The decision to add custom software development to a project has a range of implications, advantages, and considerations. It is best to think of the role of development in ArcGIS systems as a spectrum with valuable options throughout – ranging from primarily COTS-based systems which are lightly configured through popup configurations, Arcade scripts, or other techniques, through Python-enabled workflows for data movement or geoprocessing, to extensible low-code apps that support adding Arcade, CSS and HTML to the interface and ending with fully customized systems with a carefully designed frontend, custom web services and significant data and process automation. This spectrum can be broken down many ways, but one options is through three main approaches:

  • Configure COTS apps to meet your business needs. ArcGIS provides many configurable COTS apps that support basic to advanced workflows out of the box. Using these apps requires the least effort and the lowest ongoing cost, but can be limited by what configurations are supported. ArcGIS COTS Apps include Experience Builder, Story Maps, Dashboards, Field Maps or Survey 123 are all good examples of applications in this category.
  • Use low-code app builders. Esri offers a variety of app builders, including ArcGIS Experience Builder, StoryMaps, Dashboards, ArcGIS Hub, Enterprise Sites and ArcGIS Instant apps. These apps all allow for the configuration of custom HTML and CSS, along with different implementations or profiles of Arcade, and can be used to build carefully tailored, brand-aligned applications that have the look and feel of a fully customized application while retaining the option for quick changes or adjustments to functionality. Experience builder also allows for the creation of custom widgets, which can be developed and then made available for use across multiple different applications.
  • Fully customize apps using ArcGIS SDKs. Esri builds SDKs for a variety of programming environments and languages, each of which provides support for ArcGIS layers, UI interactions, secure authentication, and complex mapping functionality. Because you don’t have to code each of these specific parts yourself, you can build business-focused apps to take advantage of ArcGIS COTS capabilities, reducing the overhead for app development and maintenance. The ArcGIS Developers site provides comprehensive information on the selection of SDKs that are available along with common workflows, functionality descriptions and sample code. Esri also provides a series of app components to ease web development through standardized UI approaches. There is no single best choice along this spectrum, the decision should be based on the capacity of the team for development, the organization’s architectural philosophy towards customization, and the understanding for the long-term implications for any decisions made in this area.

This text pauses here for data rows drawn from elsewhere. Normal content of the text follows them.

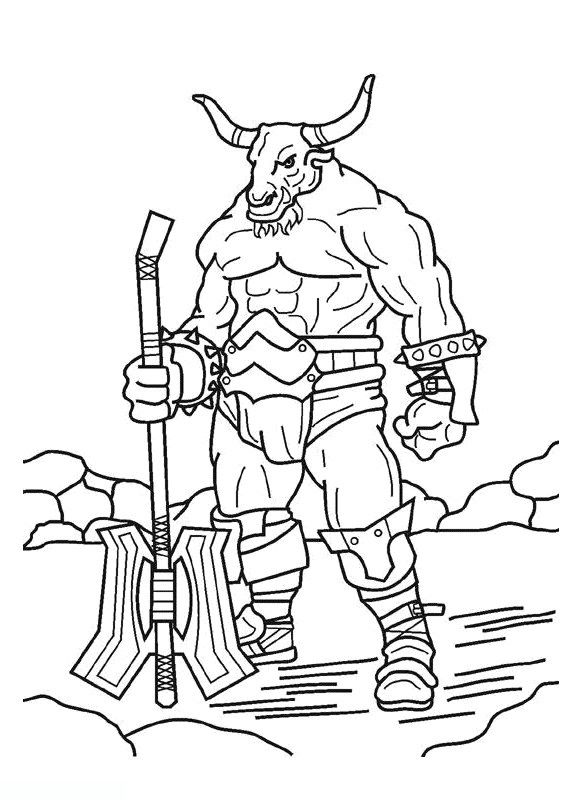 Cute bull coloring pages for your toddler malvorlage einhorn fabelwesen kostenlose ausmalbilder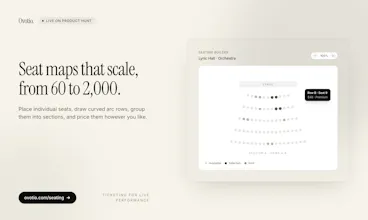 Ovotio gallery image
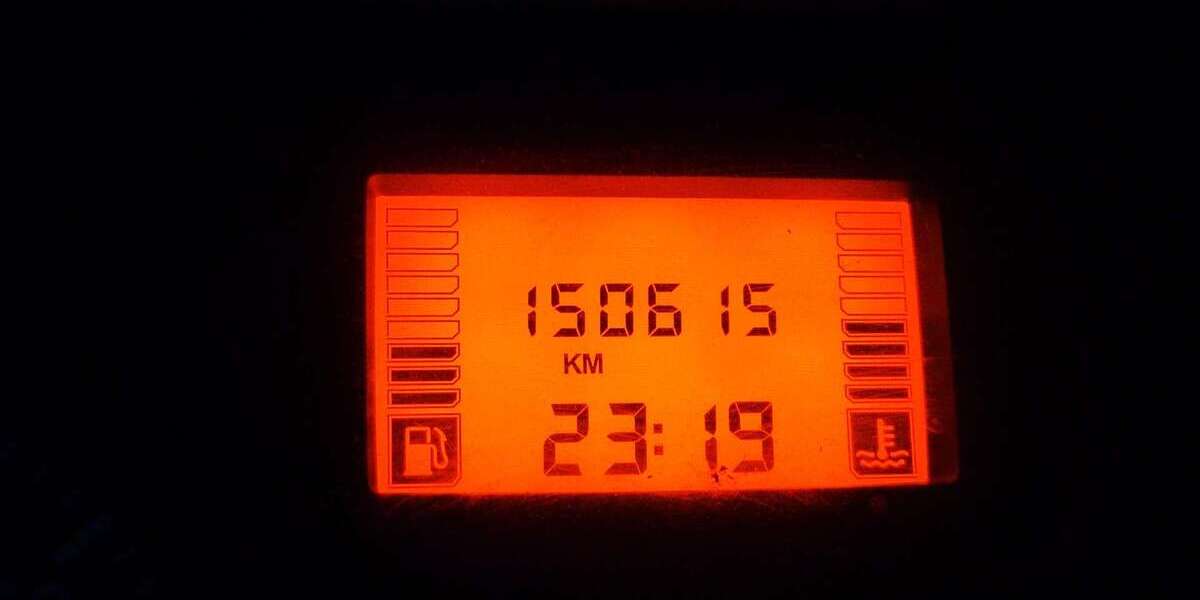 Dacia Logan 150.000 km 450 &euro; Coburg 96450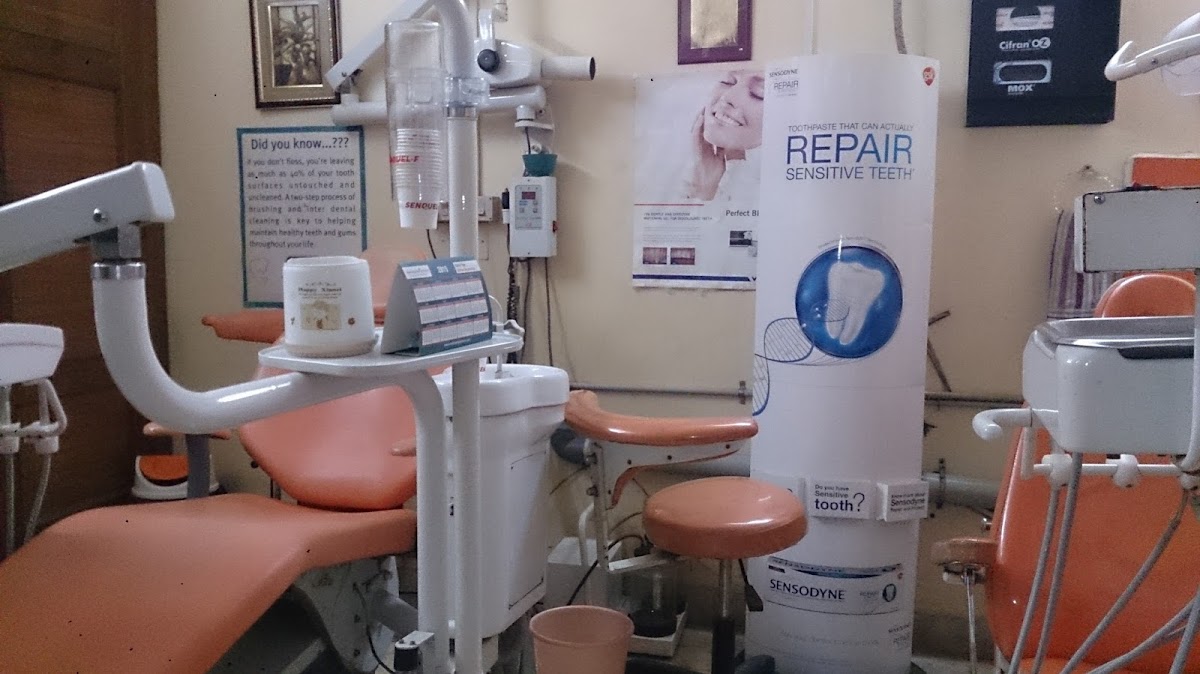 Trinity Dental Clinic dental clinic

Common software development motivators and factors

With a wide spectrum of customization and software development options, it is important to also understand some of the motivations for pursuing one of these options, each of which can contribute to a different set of decision-making criteria about what customization or extension approach might be suitable.

  • Functionality and integration motivations primarily relate to lack of specific functionality in an existing app or workflow, or a need to support an integration with another system which an existing app does not exist for. Another motivator is the desire to bring multiple sets of functionality into a single unified interface.
  • Performance and scalability. If the performance of existing services, interfaces or workflows doesn’t meet your requirements, it’s possible that a customized option may introduce new options to achieve the desired level of service or bring in a shortcut to a process that saves significant time and improves user satisfaction.
  • Design. If an application needs to be branded beyond what the styling and theme offerings of existing ArcGIS apps support, a custom application may be able to achieve the specific interfaces or design goals of the organization.
  • Audience and user experience. Usability is a key success criteria for most application design efforts, and understanding the different needs that different user groups have for functionality is an important step. Guided workflows can help even experienced users find their way from opening the app to being productive as quickly as possible.
  • Organizational culture and capability. Your organization may have preferences or a tendency towards certain ways that development is used in the application design process. Leadership, project management, and technical teams may have preferences, muscle memory, or relevant experience making a decision about customization options, and may use this to inform decision making for a new opportunity. Carefully considering the capacity of the organization to take on a customization, and the maintenance of that work, as well as the not insignificant maintenance of COTS configurations, will ensure that intentional choices are made that set your application up for future success.
  • Cost. No process of building an application happens without cost, and it is important to not default to an expectation that customization has a higher cost – a fit for purpose app may have a longer and more successful lifespan than a configured application, depending on the configured application lifespan, required functionality and expected changes. Cost considerations should take into account the initial build costs but also the ongoing maintenance and any risks introduced by the decision.
  • Lifespan. Apps should not be designed to be used forever – a healthy replacement interval, where other options or approaches are considered, ensures that new application options are not ignored, and an existing app is not allowed to continue on indefinitely when a better option may exist. In some cases, updating a custom application is a simple as pulling in a new version of an SDK, but other updates may be more significant or may lead to a larger investment depending on the timing of the initial app development and the life cycle of the SDK used to build it.


Extending ArcGIS, either through customization of existing interfaces or building new applications with ArcGIS Maps SDKs, provides an excellent option for achieving some of the goals above. During the design process of an enterprise system, carefully considering the relevance of extending and customizing to the solution at hand can have a significant impact on the future delivery and cost of the system. When in doubt, consider organizational capabilities and readiness, as to whether a COTS or custom solution (or most commonly a combination of the two) may be a better fit.